It's not about Goldilocks

“Baby Bear’s revenge.” Illustration by Bonnie Obremski

“Baby Bear’s revenge.” Illustration by Bonnie Obremski

Yesterday, I told the story of Goldilocks and the Three Bears 20 times—to adults. Each time I told the story, I sat facing a single person. Their knees almost touched mine, their eyes locked with my own.

My first telling sounded like: There was a house, and a girl in the woods, did I mention the bears? There were three of them. There were bowls of porridge: Large, medium and small. I think there were chairs. Maybe she broke one. She went to sleep. The bears came home. She ran away.

“Becky” and the three bears

We had four minutes to get the story out. After that, we listened to our partners tell stories. Some picked Goldilocks, others told Three Billy Goats Gruff, or folktales I had never heard. After each exchange, we switched partners and continued. The point was to practice getting “from A to Z,” our teacher, Master Storyteller Donna Washington, told us.

I did not want to pick Goldilocks. It’s never been a favorite tale. To make matters worse, the story had been a part of an exercise during the Storytelling Strategies to Dismantle Racism training I attended in Seattle back in June. During that exercise, we considered the story from the bears’ perspective. As we did that, the character of Goldilocks morphed into a “Becky” who was arrested after breaking and entering. But yesterday, Donna gave us three minutes to think of a folktale (not a personal story, those are harder to play with, she said). We had to know it from beginning to end. Goldilocks was all I had.

Control freak

Round and around we went. I soon felt like the worst storyteller in the room. (And I just quit my job to go all-in with my online storytelling platform). But here’s the thing, oral storytelling is not writing. Oral storytelling is not reading words from a page. Oral storytelling is telling stories, out loud, over and over again. The story is different each time you tell it.

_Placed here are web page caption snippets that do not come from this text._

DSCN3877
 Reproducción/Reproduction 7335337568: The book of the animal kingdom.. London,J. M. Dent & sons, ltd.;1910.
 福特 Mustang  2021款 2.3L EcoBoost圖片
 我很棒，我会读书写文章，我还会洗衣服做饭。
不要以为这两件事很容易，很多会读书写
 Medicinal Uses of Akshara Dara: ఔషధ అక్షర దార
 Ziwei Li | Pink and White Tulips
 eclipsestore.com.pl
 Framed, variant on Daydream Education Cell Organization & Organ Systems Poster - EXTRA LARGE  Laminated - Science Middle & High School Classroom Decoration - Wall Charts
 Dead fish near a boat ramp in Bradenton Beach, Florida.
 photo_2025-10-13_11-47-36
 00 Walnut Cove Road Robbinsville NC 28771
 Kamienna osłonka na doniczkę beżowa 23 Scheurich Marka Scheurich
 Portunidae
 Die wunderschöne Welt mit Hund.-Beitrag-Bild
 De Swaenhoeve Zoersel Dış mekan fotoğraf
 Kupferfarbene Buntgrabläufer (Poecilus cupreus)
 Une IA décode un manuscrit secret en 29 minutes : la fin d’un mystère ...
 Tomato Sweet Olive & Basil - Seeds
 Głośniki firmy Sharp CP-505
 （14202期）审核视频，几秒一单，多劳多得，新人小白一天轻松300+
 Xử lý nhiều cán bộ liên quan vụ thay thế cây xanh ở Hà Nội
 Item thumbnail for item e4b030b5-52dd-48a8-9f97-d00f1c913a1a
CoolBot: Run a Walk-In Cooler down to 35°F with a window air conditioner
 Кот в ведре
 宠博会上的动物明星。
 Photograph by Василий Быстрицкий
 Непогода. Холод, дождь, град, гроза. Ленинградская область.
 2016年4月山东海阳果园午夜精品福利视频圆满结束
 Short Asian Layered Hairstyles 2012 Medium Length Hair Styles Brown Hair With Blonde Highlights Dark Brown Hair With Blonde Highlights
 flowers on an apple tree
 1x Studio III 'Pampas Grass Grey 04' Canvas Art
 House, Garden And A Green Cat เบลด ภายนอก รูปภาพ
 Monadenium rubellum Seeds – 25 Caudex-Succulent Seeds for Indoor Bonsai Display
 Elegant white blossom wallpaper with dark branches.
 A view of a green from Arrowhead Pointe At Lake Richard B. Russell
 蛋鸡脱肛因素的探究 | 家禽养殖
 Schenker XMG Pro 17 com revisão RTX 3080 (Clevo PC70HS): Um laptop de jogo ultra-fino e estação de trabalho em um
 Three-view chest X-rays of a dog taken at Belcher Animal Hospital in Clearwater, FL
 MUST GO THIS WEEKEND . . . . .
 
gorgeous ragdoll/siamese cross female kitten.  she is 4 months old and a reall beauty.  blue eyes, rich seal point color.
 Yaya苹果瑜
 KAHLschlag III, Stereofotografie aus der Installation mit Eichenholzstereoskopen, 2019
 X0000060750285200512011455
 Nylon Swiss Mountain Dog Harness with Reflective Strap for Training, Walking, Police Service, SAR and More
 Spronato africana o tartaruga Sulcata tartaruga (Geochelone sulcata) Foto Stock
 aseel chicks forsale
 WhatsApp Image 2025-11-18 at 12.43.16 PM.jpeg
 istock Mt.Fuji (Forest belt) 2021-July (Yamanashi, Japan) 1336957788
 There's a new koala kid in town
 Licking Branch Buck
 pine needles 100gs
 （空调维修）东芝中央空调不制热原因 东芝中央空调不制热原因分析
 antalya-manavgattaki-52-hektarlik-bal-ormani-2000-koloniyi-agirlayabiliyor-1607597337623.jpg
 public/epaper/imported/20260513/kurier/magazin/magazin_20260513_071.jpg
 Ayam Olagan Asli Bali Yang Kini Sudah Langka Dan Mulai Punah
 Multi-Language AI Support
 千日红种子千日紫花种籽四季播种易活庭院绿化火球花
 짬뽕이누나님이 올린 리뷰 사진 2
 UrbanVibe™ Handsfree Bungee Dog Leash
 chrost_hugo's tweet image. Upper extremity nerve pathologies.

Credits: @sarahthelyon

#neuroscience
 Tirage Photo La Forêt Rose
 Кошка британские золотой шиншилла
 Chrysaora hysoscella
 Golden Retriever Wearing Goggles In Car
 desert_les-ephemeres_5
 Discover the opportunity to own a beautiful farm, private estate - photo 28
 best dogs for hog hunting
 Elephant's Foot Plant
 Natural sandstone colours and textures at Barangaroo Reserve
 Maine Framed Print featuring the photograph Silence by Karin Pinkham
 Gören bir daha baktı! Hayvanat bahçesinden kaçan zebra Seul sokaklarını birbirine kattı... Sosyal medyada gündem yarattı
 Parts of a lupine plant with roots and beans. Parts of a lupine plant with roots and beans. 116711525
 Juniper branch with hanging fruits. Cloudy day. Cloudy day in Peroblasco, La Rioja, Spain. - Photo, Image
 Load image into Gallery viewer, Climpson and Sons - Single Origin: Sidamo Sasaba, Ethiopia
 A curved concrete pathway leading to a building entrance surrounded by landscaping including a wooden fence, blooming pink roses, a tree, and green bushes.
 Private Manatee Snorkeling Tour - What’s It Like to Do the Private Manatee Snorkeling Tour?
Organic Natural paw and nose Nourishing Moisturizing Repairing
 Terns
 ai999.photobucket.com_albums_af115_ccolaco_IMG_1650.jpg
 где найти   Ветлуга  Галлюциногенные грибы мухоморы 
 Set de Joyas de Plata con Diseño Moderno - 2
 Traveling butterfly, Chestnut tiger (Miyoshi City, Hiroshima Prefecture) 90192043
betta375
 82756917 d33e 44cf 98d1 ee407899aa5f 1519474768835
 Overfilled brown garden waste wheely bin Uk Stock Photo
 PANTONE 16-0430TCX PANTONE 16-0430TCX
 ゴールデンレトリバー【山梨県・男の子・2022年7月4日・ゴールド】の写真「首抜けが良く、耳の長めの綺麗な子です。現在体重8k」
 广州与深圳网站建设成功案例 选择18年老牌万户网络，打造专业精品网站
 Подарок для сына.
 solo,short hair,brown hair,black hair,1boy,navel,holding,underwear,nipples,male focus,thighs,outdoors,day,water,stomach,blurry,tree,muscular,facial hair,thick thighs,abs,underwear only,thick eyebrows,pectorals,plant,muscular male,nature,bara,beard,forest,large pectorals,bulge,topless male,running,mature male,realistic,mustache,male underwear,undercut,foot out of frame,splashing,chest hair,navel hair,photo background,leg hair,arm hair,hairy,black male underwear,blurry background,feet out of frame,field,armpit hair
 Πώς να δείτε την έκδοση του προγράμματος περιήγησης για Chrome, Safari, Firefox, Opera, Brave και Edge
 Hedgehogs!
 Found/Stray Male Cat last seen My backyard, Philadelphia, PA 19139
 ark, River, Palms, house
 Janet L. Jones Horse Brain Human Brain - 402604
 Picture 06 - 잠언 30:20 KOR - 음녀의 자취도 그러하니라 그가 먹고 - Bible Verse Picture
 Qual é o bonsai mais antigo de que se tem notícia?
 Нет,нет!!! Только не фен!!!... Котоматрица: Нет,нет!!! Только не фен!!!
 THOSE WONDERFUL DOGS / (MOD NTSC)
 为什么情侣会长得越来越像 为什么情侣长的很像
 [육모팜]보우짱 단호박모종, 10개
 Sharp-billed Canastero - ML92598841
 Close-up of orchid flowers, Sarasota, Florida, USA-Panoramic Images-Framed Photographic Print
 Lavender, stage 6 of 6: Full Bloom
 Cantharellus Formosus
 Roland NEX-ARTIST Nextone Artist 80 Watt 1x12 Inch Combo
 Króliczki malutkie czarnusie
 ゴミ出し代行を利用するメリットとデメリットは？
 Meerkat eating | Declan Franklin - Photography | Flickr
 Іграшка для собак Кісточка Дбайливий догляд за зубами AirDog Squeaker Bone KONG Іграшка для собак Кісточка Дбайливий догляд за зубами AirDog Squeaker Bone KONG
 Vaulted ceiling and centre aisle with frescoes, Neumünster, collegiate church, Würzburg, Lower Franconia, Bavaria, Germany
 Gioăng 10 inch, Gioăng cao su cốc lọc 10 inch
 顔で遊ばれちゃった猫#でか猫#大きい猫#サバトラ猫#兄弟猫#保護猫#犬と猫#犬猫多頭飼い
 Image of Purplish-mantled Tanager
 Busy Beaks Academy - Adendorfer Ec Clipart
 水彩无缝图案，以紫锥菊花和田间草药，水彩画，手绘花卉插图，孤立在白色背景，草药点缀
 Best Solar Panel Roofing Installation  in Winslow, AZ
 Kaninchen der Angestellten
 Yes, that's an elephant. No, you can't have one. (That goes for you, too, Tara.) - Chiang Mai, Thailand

Here’s the part where you can imagine my perfectionist self suddenly exploding and dripping down the walls. I was almost in physical pain making an audience, even if it was an audience of one, listen to me speak when I did not have hours to prepare. Throw in the fact I had to tell an adult a repetitive, predictable children’s tale they’d heard dozens of times and spit it out almost as fast as I could...well, slowly I realized I had somehow grown into someone who was terrified to play with a new friend. My fear of boring them was making me more boring.

Playtime

Donna taught us how gestures and sounds can make any story come alive with detail without making the story longer. By the end of the day, I was twirling imaginary golden locks of hair around my finger, hand on a jutted hip, bending deeply over imaginary bowls of porridge, taking long sweeping whiffs of imaginary steam.

As a writer, my practice has been to build stories only using words, to use very carefully chosen words in precise order. That did not help me as an oral storyteller. But letting the words come out of my mouth, sinking into the depths of my imagination, allowing play (and not calling it “making mistakes”) will definitely help me be a better writer.

I realized I had somehow grown into someone who was terrified to play with a new friend.